-------- DATA PROVIDED

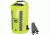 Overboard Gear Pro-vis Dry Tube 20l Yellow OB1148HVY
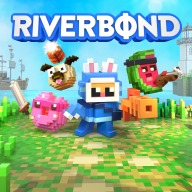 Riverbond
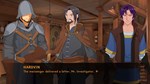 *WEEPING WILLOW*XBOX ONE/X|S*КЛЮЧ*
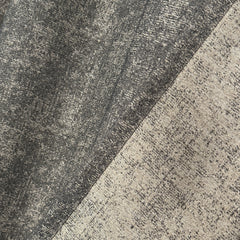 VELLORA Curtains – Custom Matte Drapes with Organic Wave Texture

----------------
-------- DATA PROVIDED

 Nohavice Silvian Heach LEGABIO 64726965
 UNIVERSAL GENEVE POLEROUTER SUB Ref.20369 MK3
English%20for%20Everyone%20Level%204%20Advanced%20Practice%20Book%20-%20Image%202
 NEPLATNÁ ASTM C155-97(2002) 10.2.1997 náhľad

----------------

- ASSIGNMENT
If a picture sits between the line containing "Overboard Gear Pro-vis" and the line containing "VELLORA Curtains –", leave it out, and return the lines of that range above exactly, both ends included.

- SOLVED EXERCISE
 Overboard Gear Pro-vis Dry Tube 20l Yellow OB1148HVY
 Riverbond
 *WEEPING WILLOW*XBOX ONE/X|S*КЛЮЧ*
 VELLORA Curtains – Custom Matte Drapes with Organic Wave Texture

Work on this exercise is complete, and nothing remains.